On Feb. 11, U.S. Judge Victor Marrero approved a merger between T-Mobile and Sprint. This decision will alter the wireless industry as four wireless giants will now reduce to three (Verizon, AT&T, and T-Mobile).
Talks of a deal between T-Mobile and Sprint began in 2013 and rose up again in 2017, but were to no avail. In 2018, the two companies reached an agreement for a deal worth $26.5 billion that would allow T-Mobile to increase to a size closer to Verizon and AT&T by merging with Sprint.
While the U.S. Justice Department and Federal Communications Commission approved the deal last year, 13 states and the District of Columbia were against the merger, citing that it would stifle competition. As a result, the merger went to trial in December.

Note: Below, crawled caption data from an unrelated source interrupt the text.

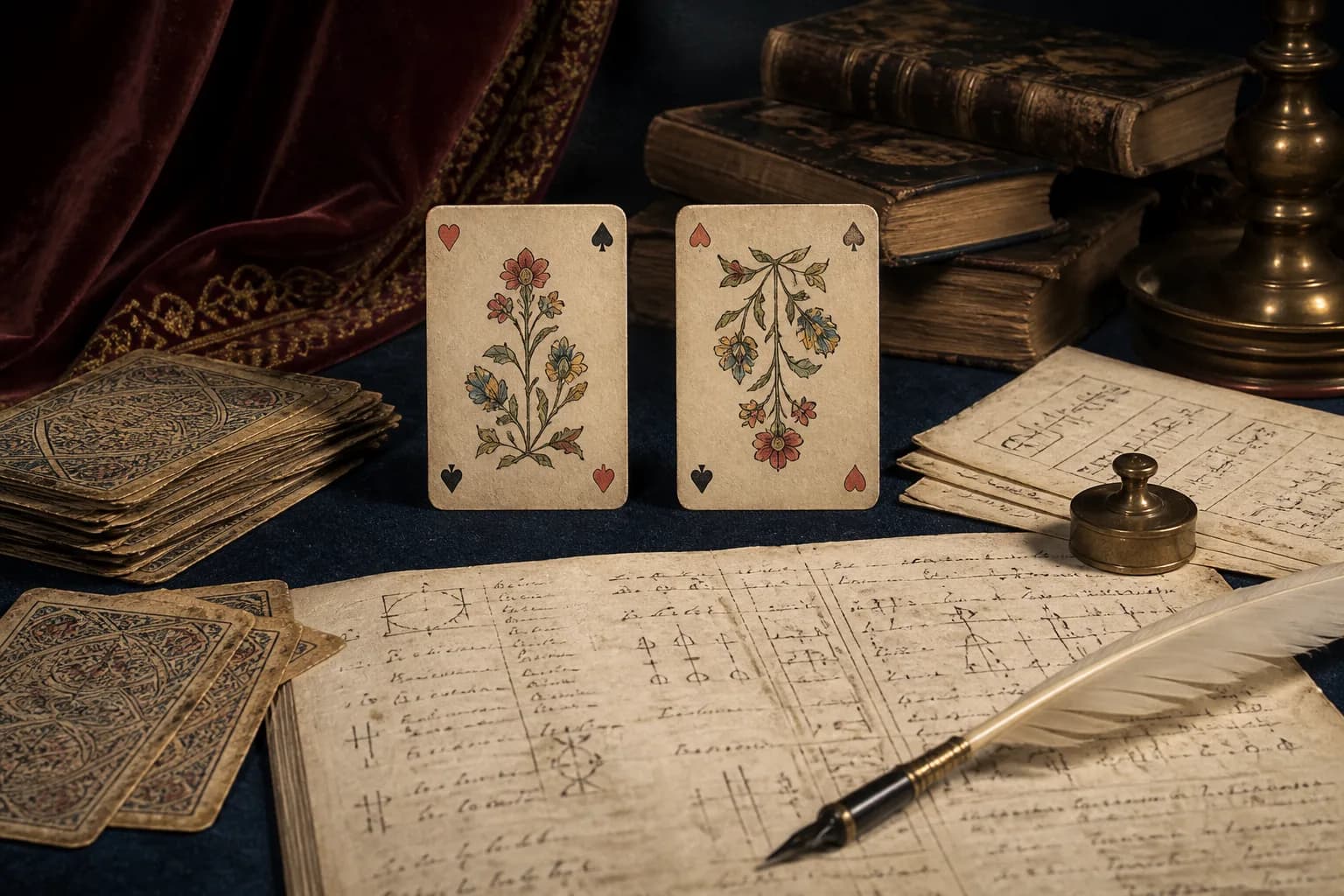 The same tarot card placed upright and upside down on a reader’s table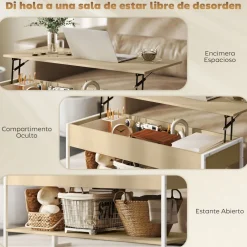 Mesa de centro elevable Virgo Homcom con estante natural/blanco 59x95x40 cm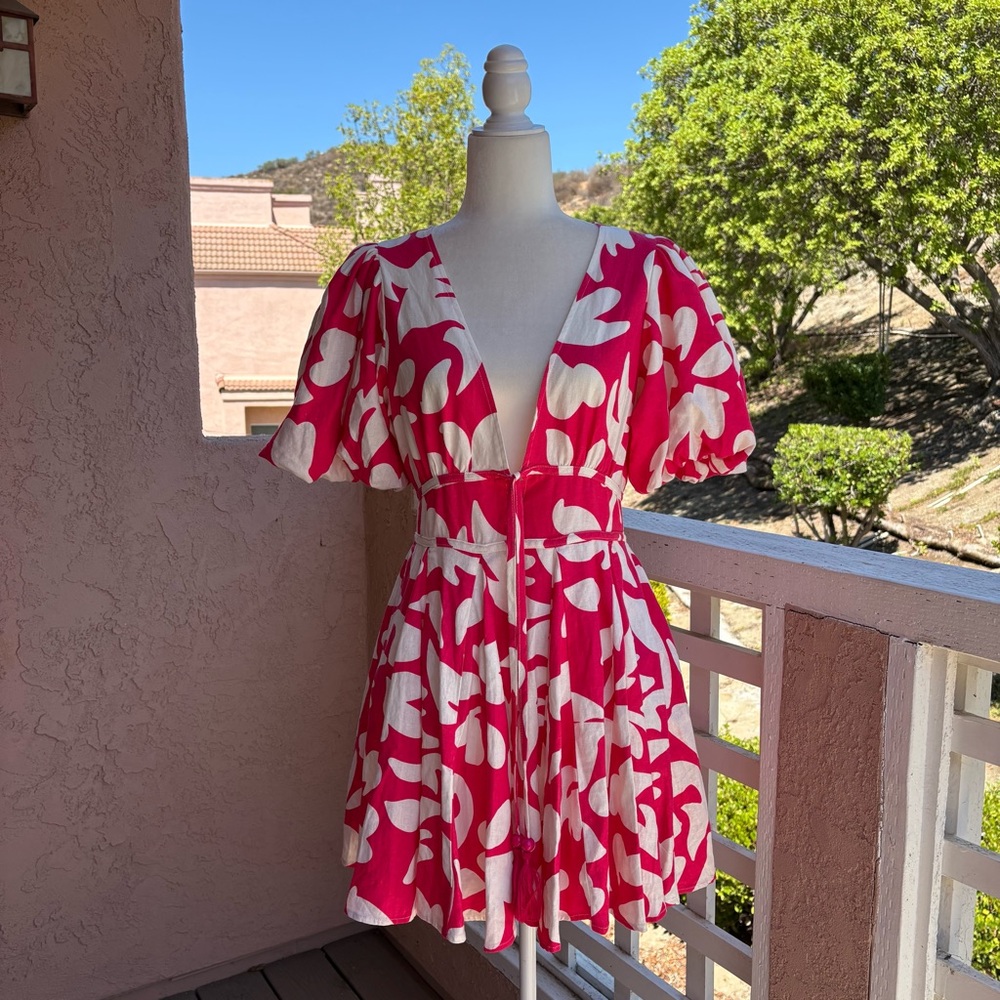House Of Harlow 1960 Pink White Puff Sleeve Linen Blend Dress Barbie Coquette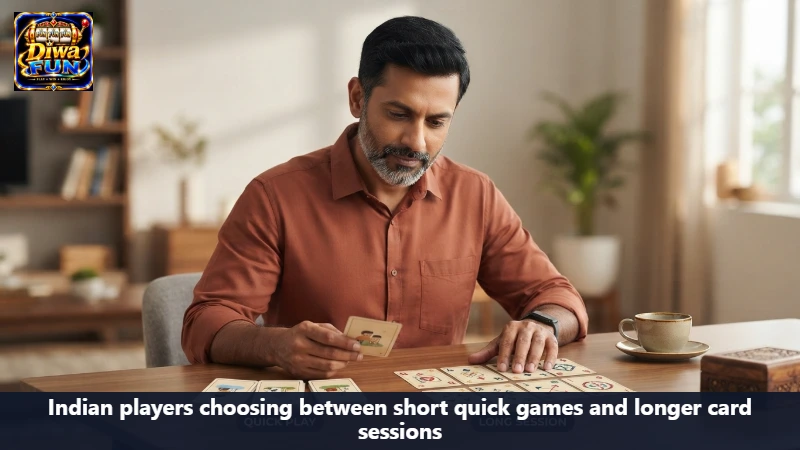 Indian players choosing between short quick games and longer card sessions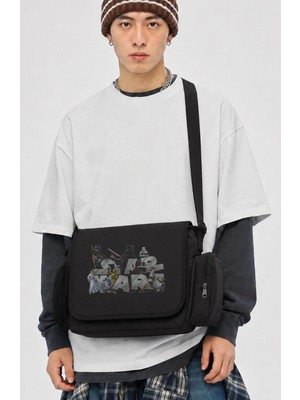 Fuddy Moda Unisex Star Wars Karakterleri Baskılı Postacı Çantası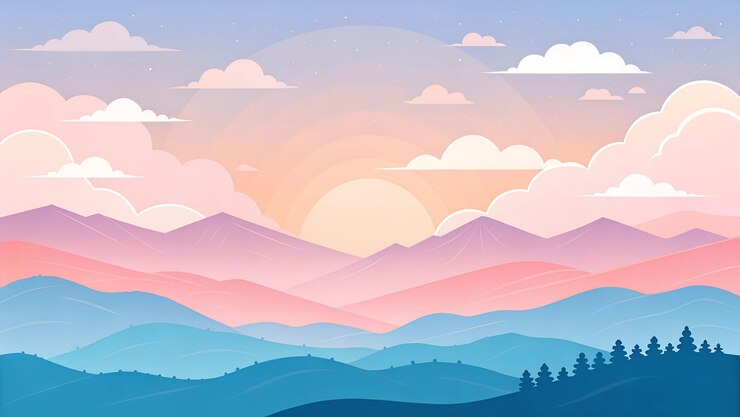 La puesta de sol de la montaña pastel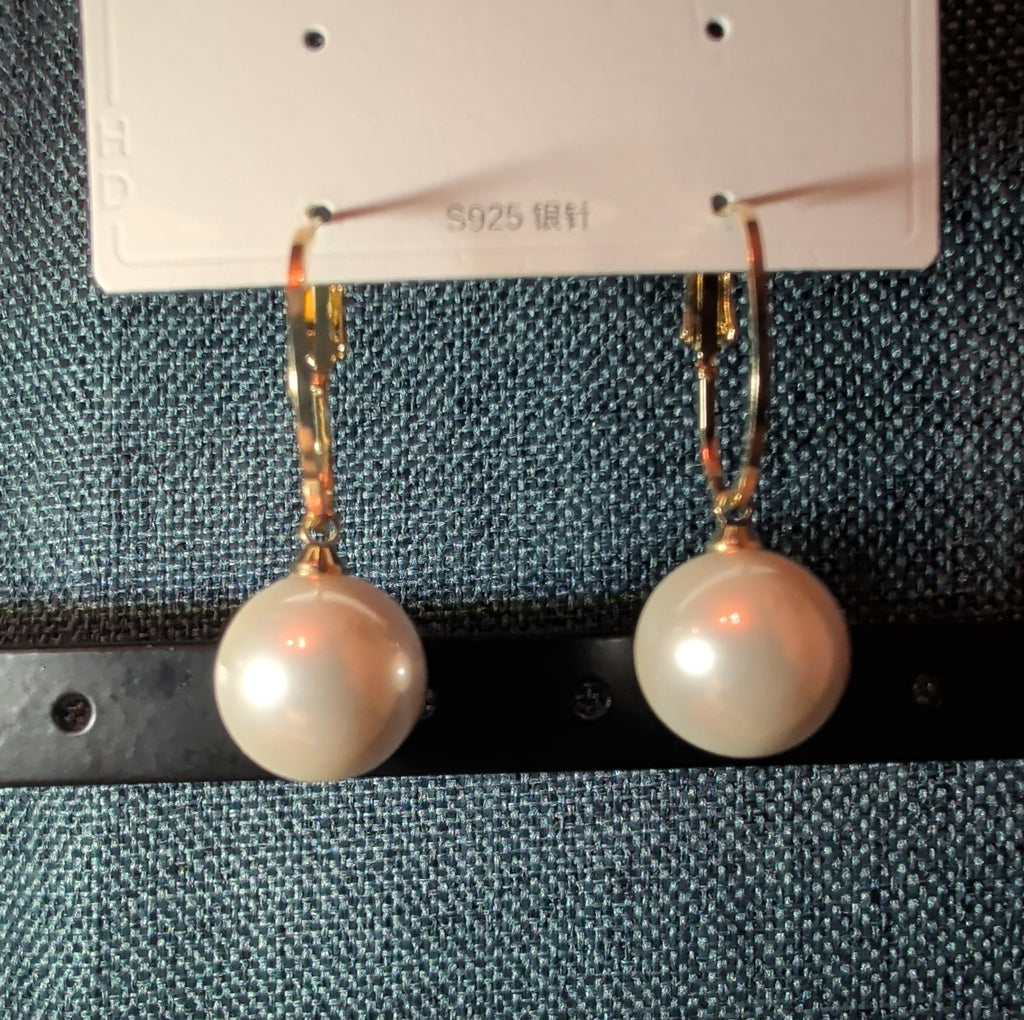 HS DP Fashion Pearl Drop Hoop Earrings 14K Gold Plated S925 Post Classic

Sprint had been falling behind the other three wireless giants and was making its best effort to keep up with the competition, providing support for the merge. Additionally, the merger would allow a new wireless company, Dish Network Corp., to join the industry and create more competition. These reasons incited Judge Marrero to approve the merger, which includes that Sprint must give around nine million of its customers to Dish Network.
T-Mobile’s merger with Sprint will allow the merged company to attain Sprint’s resources such as radio licenses, so customers can have higher speed and better quality internet service. Additionally, T-Mobile will acquire Sprint’s range of coverage, so it can help more rural areas attain better cell service.
While some agree with Judge Marrero’s decision, others view the merger as harmful since control of an industry by fewer companies may reduce competition and innovation as well as make it easier for the companies to take advantage of consumers and workers. The states against the deal maintain that mergers happen far too easily, and therefore may appeal the ruling.
The overall effects of T-Mobile’s new merger on the industry and on competition are to be discovered in the future. In the meantime, Dish Network remains far behind the three wireless giants.